## Assigned task
Look for the line that has "beautiful wooden photo" in the material below; please repeat it and every line after it, exactly, up to and including the line that has "two beds in", and nothing else.

(Listed entries begins)

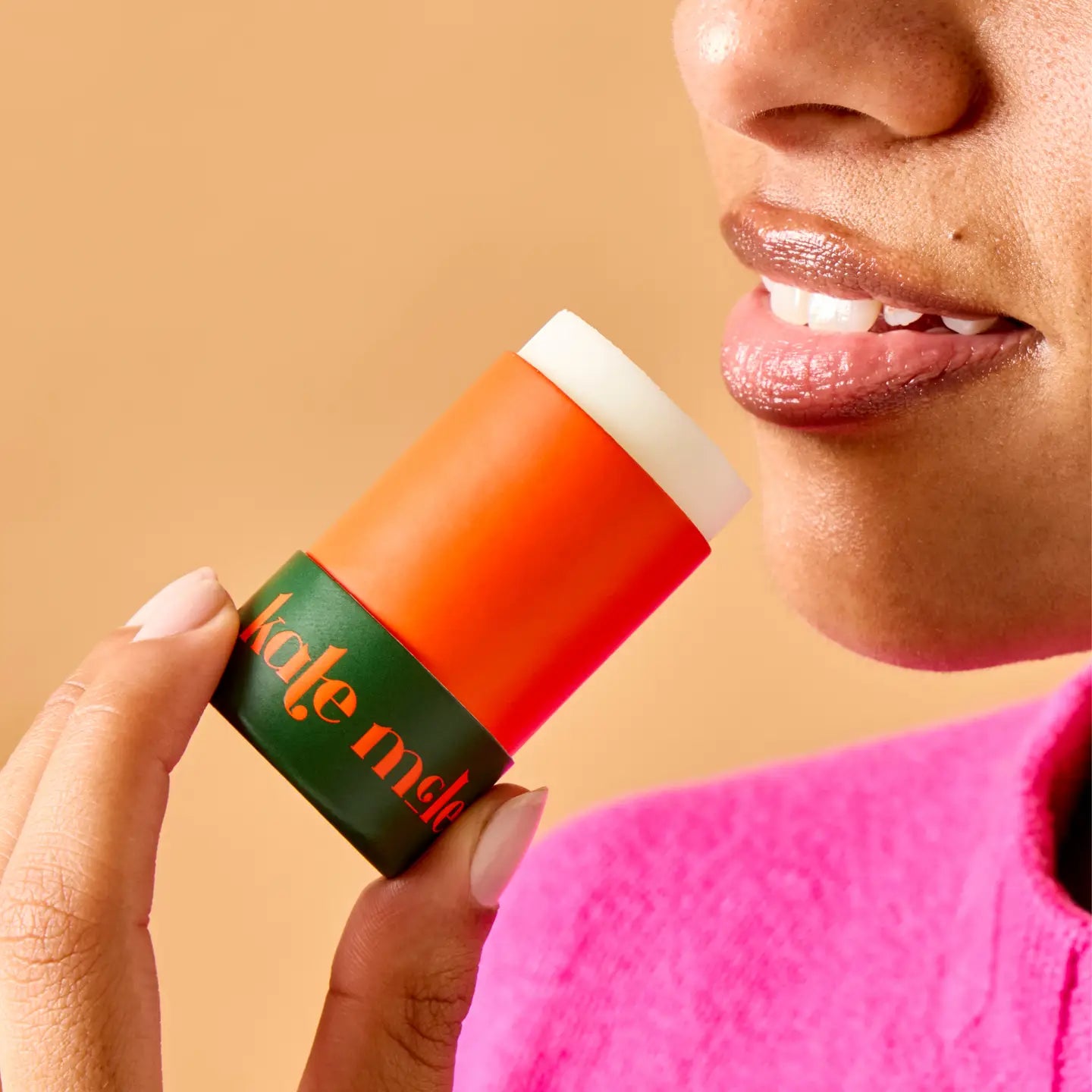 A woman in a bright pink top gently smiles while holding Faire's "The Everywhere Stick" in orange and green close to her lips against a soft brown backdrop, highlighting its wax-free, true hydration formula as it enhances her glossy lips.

(Listed entries ends)
(Listed entries begins)

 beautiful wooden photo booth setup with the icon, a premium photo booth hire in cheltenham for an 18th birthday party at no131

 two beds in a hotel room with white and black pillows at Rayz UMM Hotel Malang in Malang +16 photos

(Listed entries ends)
(Listed entries begins)

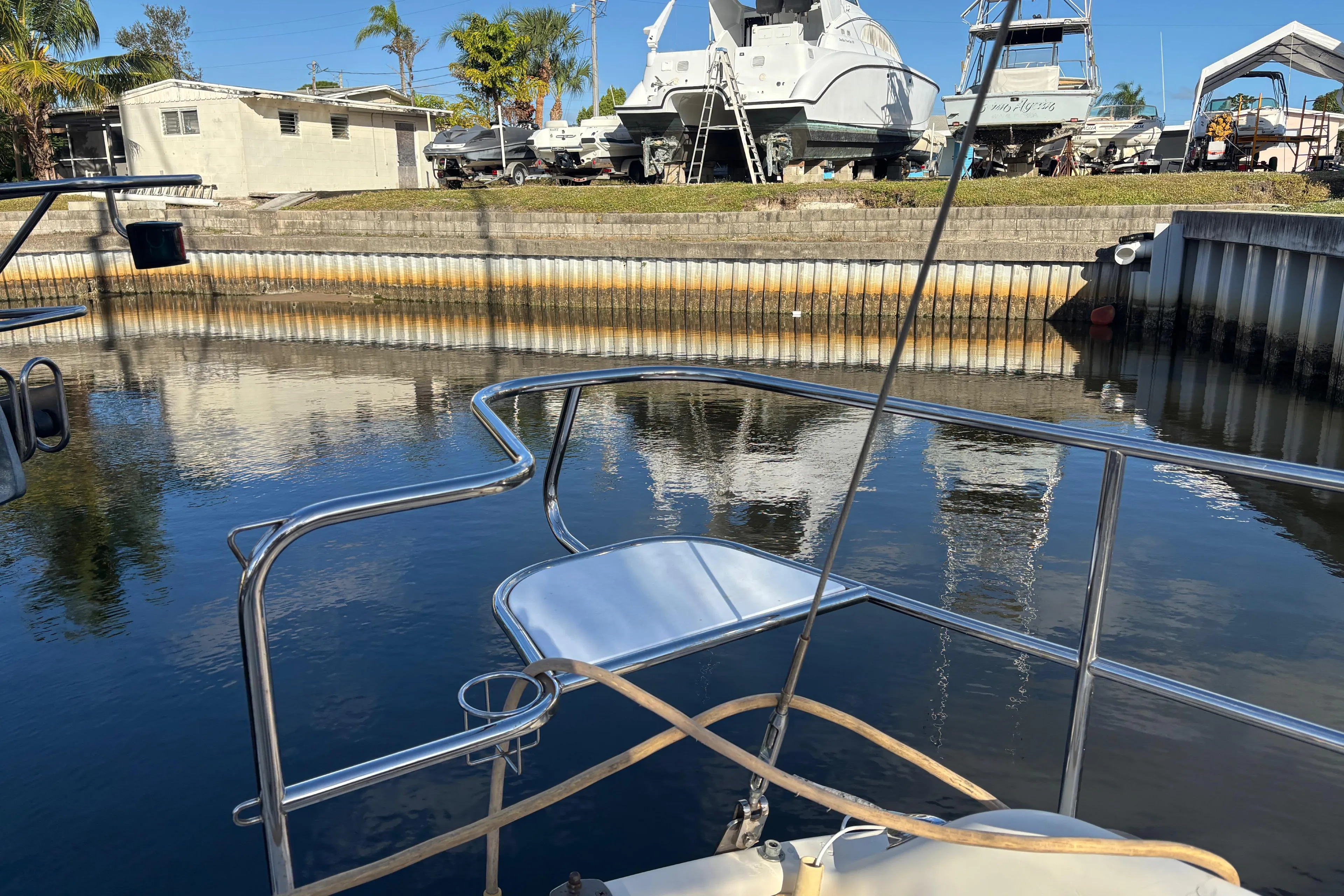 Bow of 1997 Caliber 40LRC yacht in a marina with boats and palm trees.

(Listed entries ends)

## Reply
 beautiful wooden photo booth setup with the icon, a premium photo booth hire in cheltenham for an 18th birthday party at no131

 two beds in a hotel room with white and black pillows at Rayz UMM Hotel Malang in Malang +16 photos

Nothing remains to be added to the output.